I still think the fact that even most people with a 4-year degree still haven't done a compilers course is the core problem. Both other times we've had this discussion I haven't noticed anyone popping up to say "Yeah, I've written like 3 compilers and Wasabi was just an insane idea." (Of course, the Internet being what it is, someone will probably say that now. But the point is I haven't seen it before I asked for it.) A lot of people are doing the cost/benefit analysis with an order of magnitude or two too much in the "cost" column. Yeah, of course it looks insane then... but the problem is the analysis, not the reality.
Compilers just aren't that magically hard and difficult. I'll cop to not having written a true compiler yet but I've written a number of interpreters, and I've written all the pieces several times (compile to AST, interpret, serialize back out, just never had the whole shebang needed at once).
If you're reading this, and you're still in a position where you can take a compilers course, take it! It's one of the most brutally pragmatic courses in the whole of computer science and it's a shame how it's withered. (Even if, like me, you'll probably write more interpreters than compilers. And nowadays you really ought to have a good reason not to pick an existing serialization off-the-shelf. But it's still useful stuff.) It's one of those things that is the difference between a wizard and a code monkey.

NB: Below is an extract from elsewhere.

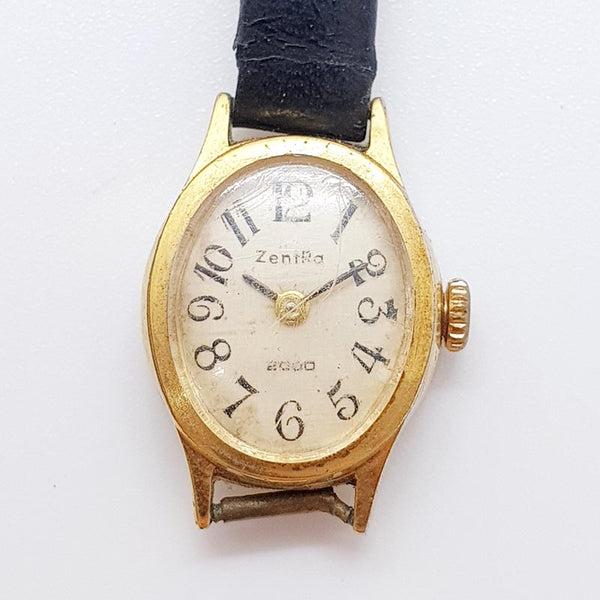 Zentra 2000 17 Juwelen Deutsch Uhr Für Teile & Reparaturen - nicht funktionieren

I've written like 3 compilers, and while I don't think Wasabi was quite insane (they had an interesting set of constraints, so I could at least follow the logic), it's not the choice I would've done. Or rather, it's totally the choice I would've done as a fresh college grad in 2005 having written my first compiler for work (which was ripped out in about 2 months...it didn't take me that long to realize my mistake), but it's not what I would've done with the hindsight experience of that and other compiler projects.
The cost of an in-house programming language isn't in writing the compiler. It's training all your new team members in the language. It's documenting the language constructs, including corner cases. It's in not being able to go to Stack Overflow when you have problems. It's in every bug potentially being in either your application code, your compiler, or your runtime libraries, and needing to trace problems across this boundary. It's in integrating with 3rd-party libraries, and in not being able to use tooling developed for an existing mainstream language, and having to add another backend to every other DSL that compiles to a mainstream language.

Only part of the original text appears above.